自分の助けになる「思考の選択」
地獄の消防学校時代の話
いよいよ社会人としてのスタートを切り消防学校へ入校。
その年の消防士の卵約50名、女性は4名で、個性強めのキャラが集まってました。共に訓練や知識を学ぶため、月曜日から金曜日まで寝食を共にし、周りは山しか見えない場所での学校生活がスタート。
期間は4月〜9月の半年間。灼熱の夏の時期が入るので、限界ギリギリまで体力・気力と追い込まれる日々でした。

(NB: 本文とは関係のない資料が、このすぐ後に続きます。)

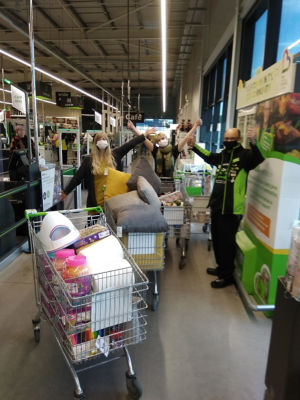 Supporting Communities Grant  | Asda Barnstaple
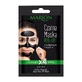 Marion Black отшелушивающая маска с активным гелем 6 г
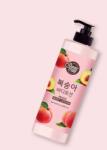 Shower Mate Testápoló őszibarack illattal Natural Body Lotion Peach - 500 ml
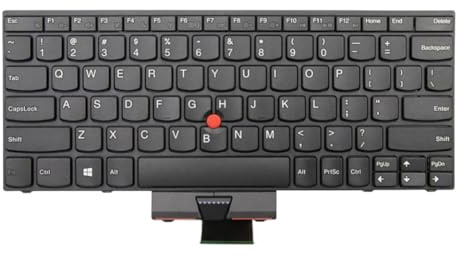 KPwetpmmT Ersatztastatur für Chromebook(English US)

消防士っぽい訓練は最初の頃はほとんどなく、ひたすら走る、走る、走る。
慣れてきたら、防火服(火災現場で着る服)を着たまま走る、走る、走る。
また慣れてきたら、ホースを担いで走る、走る、走る。
半年間で、座学や実践的な訓練もありますが、ほとんど体力錬成の記憶しか残ってないです。
現場で自分自身を守れるだけの体力は絶対的に必要だったので、とにかく基礎体力をひたすらつけないといけませんでした。

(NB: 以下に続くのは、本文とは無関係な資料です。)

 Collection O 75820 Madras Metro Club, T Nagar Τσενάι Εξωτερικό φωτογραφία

まず体力向上体操(筋トレ+有酸素運動)をやって、グラウンドをひたすら走る訓練が毎回あるんですが、掛け声を出しながら隊列を組み歩調を合わせて走るので、息がもたなくなるほどしんどいんです。
1周400m近くあるグラウンドをひたすら走り続けるので、毎回
『あのコーナーについたら、もぉ歩こう』
『この直線走りきったら、隊列から離脱しよう』
掛け声を出しながらなので、息継ぎがうまくいかないと、呼吸が乱れるので、息も上がって苦しい、
苦しいがどんどん勝って、私の表情は誰がどう見ても苦しんでるなーという苦悶の表情をしてました。周りの男性消防士もやはり時間が経ってくると辛そうにしてる。
そんな中、私と同い年の1人の女性消防士の同期は、なぜか辛くなってくるタイミングで毎回笑わせてくるんです。

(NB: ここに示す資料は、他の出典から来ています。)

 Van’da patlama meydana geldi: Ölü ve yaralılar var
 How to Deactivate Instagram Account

笑うと言っても、教官の目があるので、笑いを堪えながら、バレないように笑わせてくるんです。
呼吸が乱れると息が苦しくなるから、絶対に笑わないように見ないふりをしてたんですが
皆真剣な顔をしてる中で、彼女だけが違う空気感で、必死な自分と彼女とのギャップがおかしくて、おかしくて、ついついつられて笑ってしまった…
すると、それまで
「苦しい、苦しい、もう歩きたい、いつ終わるんだろう、、、」
と頭の中ではネガティブな感情がいっぱいで、1分1秒でも早くこの時間が終わって欲しいと体力も気力ももうギリギリのラインまで来てたのに
フッと力が抜けて、表情が緩んだ途端それまで硬直していた身体が緩んだのか、息がしやすくなったんです。
『アレッ!??なんかさっきより息がしやすくなってる』
不思議な感覚でした。
それまで、苦しい、苦しいと逃げ出したい気持ちで、息継ぎを間違えたらいけないと、必死に歩調を合わせて荒くなった息をどうにか取り戻そうとしていたのに、
息は上がってはいるものの、
「辛い、苦しい、逃げたい」
というネガティブな感情が少し和らいだだけで、息のしやすさが全然違う、、、
そこからは、体力錬成などの訓練で耐え続けないといけない時は、いつも笑わせてくれる彼女を目で追って、辛くなりそうな時に、フッと力を抜いて自分自身のネガティブな感情を切り離すようにして、半年間の苦しい地獄の消防学校生活がなんだか「楽しい」へと変わっていったのでした。
ある時、彼女に
「訓練苦しくないの?」
と質問をしたんです。そしたら、
「苦しいよ!!早く終われって思ってるよ!」
と同じ感情を持ってたんです。
でも、なぜ笑わせてくるだけの余裕があるのか?聞いてみると、
「苦しいって思うと苦しいがどんどん強くなるから、笑うと気が紛れて苦しい感情どっかいくじゃん」
と!!
へぇーーーーーーー
最初から感情をちょっと変えれば、楽になること分かってやってたんだ!
そして、彼女が
「でも、皆が真剣すぎて途中から面白くなってる自分もいる笑笑」
とまぁかなり個性の強い彼女らしい答えが私にはとっても新鮮でした。
どちらかと言うと、私は性格的に真面目な方だったので、学校の教官が言うことは絶対で、追い込まれると真正面からそこに向かって苦しいにひたすら耐えるしかないと信じていたんです。
だから、
彼女の思考は私には全く備わってない部分だったので新鮮で、真正面から向かっていかない考えもあるんだと
力を抜くことでその時間の苦しさを和らげてくれることにもなるんだと初めて気づけた瞬間でした。
厳しい教官の指導に真正面から全力で向かって行ってた自分も大事だけど、そこにネガティブ感情の波が押し寄せてきたら、思考を変えるだけで「辛い」だけだった感情が「楽しい」や「充足感」に変わることができるから
『自分の助けになる思考の選択』
って、時にはとっても大事なんじゃないかなって思います。
特に大人になればなるほど、人間関係が狭まっていくので、どんどん思考の選択って限られてくると思うんですよね。
私のように苦しい訓練とかで思考の選択をする人はあまりいないかもしれませんが、
今、ダイエットなどに取り組んでて、耐える日々を過ごしている人
また職場や学校、人間関係においても肉体的ではなくても、精神的に耐え続けないといけない環境にある人
真正面から向き合うことから少し離れて、思考を少し変えるのも良いかもしれないですね。
『苦しい、辛い』のネガティブ感情をもっとポジティブに変えられる思考の選択ができると、同じ時間でももっと自分にとってプラスに変換できる時間になるのではないでしょうか。